1

I'm trying to grab the directory paths of GET requests and count them in Splunk using this capturing regex.

index=main sourcetype="access_combined_wcookie" | rex "(?i)\"GET /(?P<MYDIR>\w+)/" | timechart count by MYDIR 

This sort of works. It grabs the name of the top level directories and sums them up by time as expected, except that it also displays HEAD requests as "NULL" or "OTHER."

The regex works as expected in both perl and Python (ie, it doesn't match on a HEAD request.) Anyone have an idea what I have to do to make Splunk stop reporting the stuff that I didn't capture to begin with? This behavior is really counter-intuitive.

user181496
  • 11
  • 1

1 Answers1

0

The reason you think Splunk is reporting stuff that you are not capturing to begin with is because you misunderstand how the rex command works.

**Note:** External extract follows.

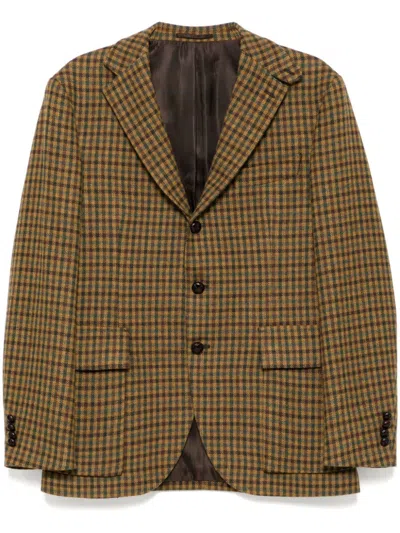 Man On The Boon. Gingham Checked Single-breasted Blazer In Yellow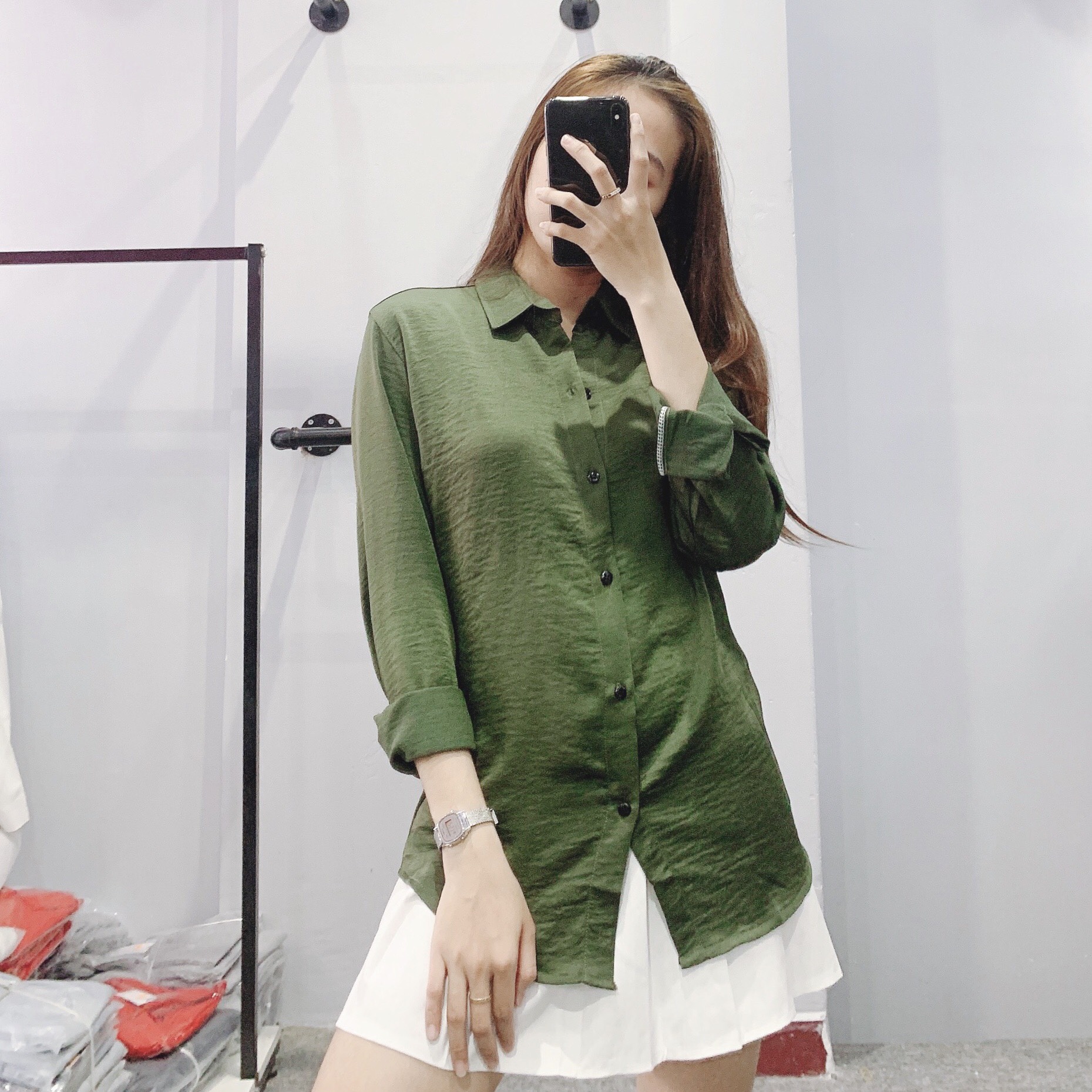 Áo Sơ Mi Nam Nữ dài tay dáng ôm sơ cổ bẻ vải cotton thái chống nhăn chống xù Xanh rêu trơn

rex does not filter out records. It adds the fields you extract to the events, if the regex exists. So in your case you are adding the MYDIR field to all events that contain GET, but you are still getting all events.

The sourcetype access_combined_wcookie is a pretained source type in Splunk, which already has field extractions defined. It would be easier to use the already-extracted method field to limit your search to just the GETs.

index=main sourcetype="access_combined_wcookie" method=GET | rex "(?i)\"GET /(?P<MYDIR>\w+)/" | timechart count by MYDIR 
hmallett
  • 2,455
  • 14
  • 26